Poor second quarter results in the midst of continued weak future prospects, prompted Genuity Capital analyst Carl Bayard to lower his target price on Transcontinental Inc. (TCLAF.PK) from C$19 to C$17.50.
Transcontinental reported checkered numbers, hitting its earnings per share forecast at C$0.43, in spite of losing C$19.3-million in revenue to foreign exchange fluctuations, and missing sharply Mr. Bayard's revenue forecast of C$623-million, at C$595-million. The company also posted an EBITDA of C$90.7-million compared with the analyst's forecast of C$97.9-million.
Mr. Bayard noted that organic growth in EBITDA came from the retail and book groups due to volume increases and efficiency gains from the company's manufacturing platform. Conversely, lower margins in the direct marketing group as well as an unfavorable product mix in the catalogue and magazine groups affected profitability.

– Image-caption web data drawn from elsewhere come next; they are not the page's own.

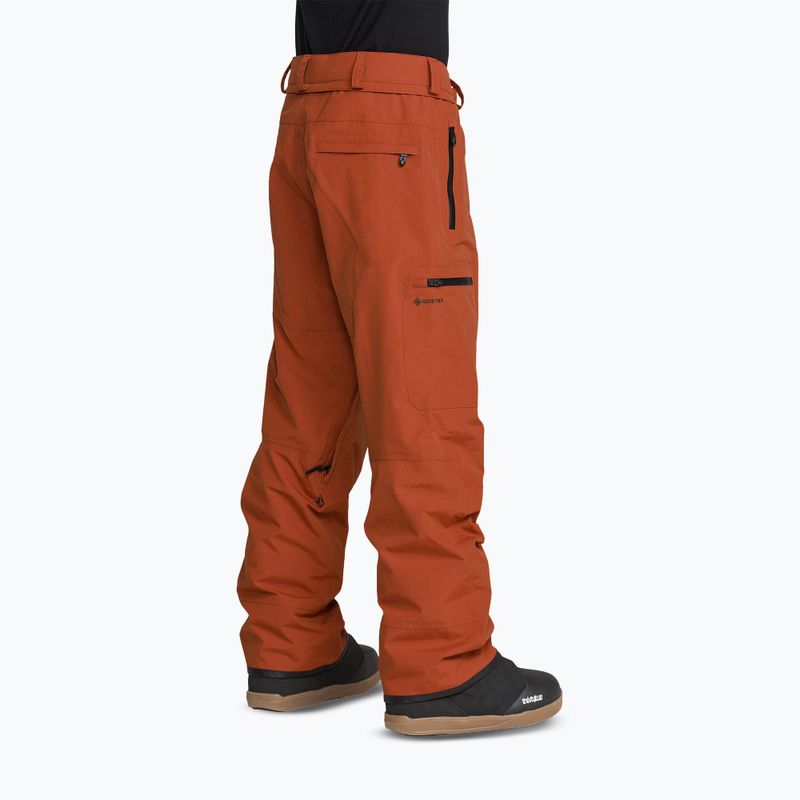 Férfi snowboardnadrág Volcom L Gore-Tex Pant Burnt Orange 6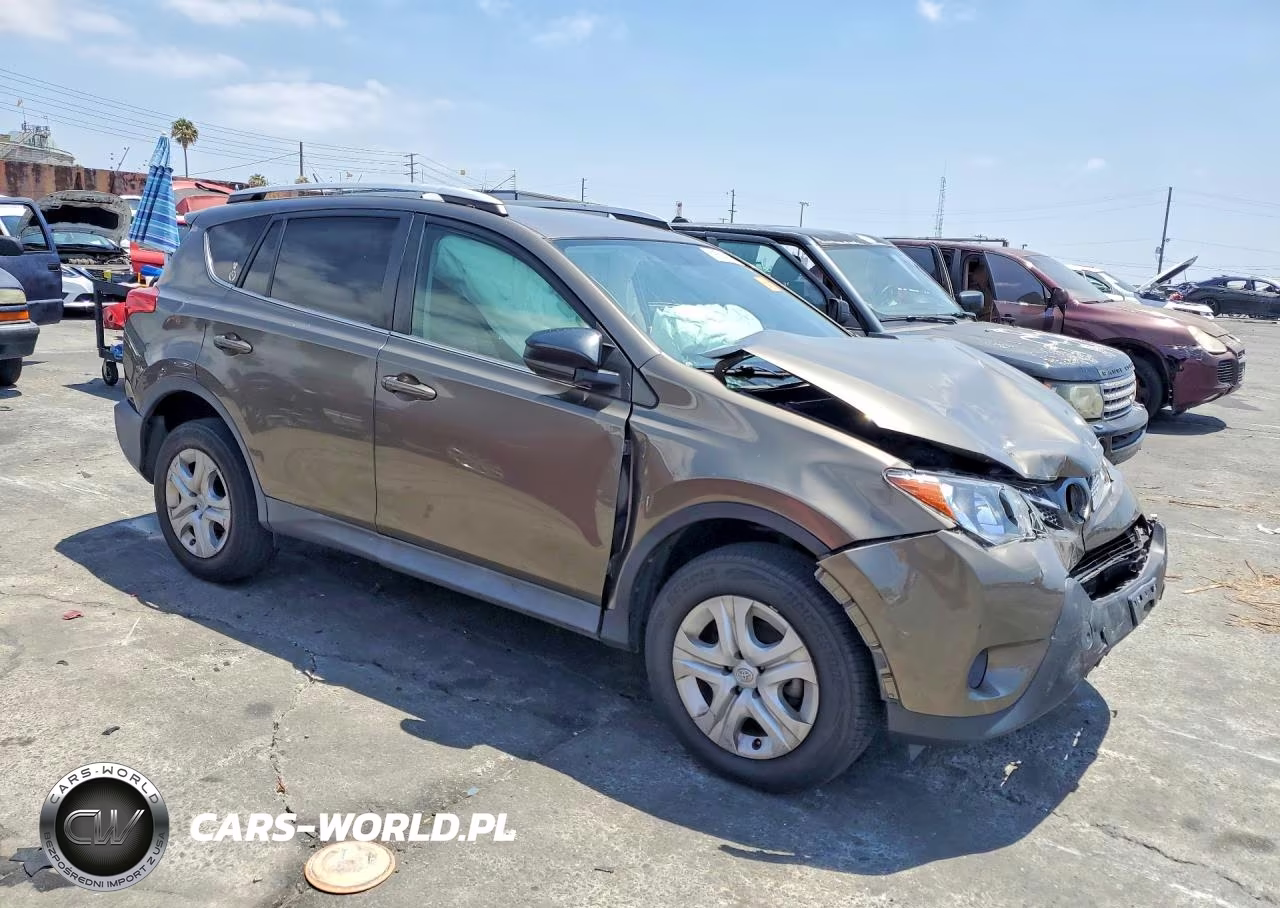 2013 Toyota Rav4 Le VIN:2T3ZFREV6DW038137 - 4
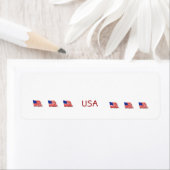 Amerikanische Flaggen (Insitu)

With the ongoing U.S. credit crunch continuing to affect its direct marketing operations and sustained pressure from the Canadian dollar, we end up with projected single-digit EPS growth for the company over the next two years.
In spite of a rather drab industry outlook, Mr. Bayard also noted that Transcontinental shares were currently competitively priced.
While reiterating a "hold" on the stock, he told clients that:
Transcontinental's shares are hardly expensive at 10.2x our fiscal 2009 estimated EPS of C$1.73.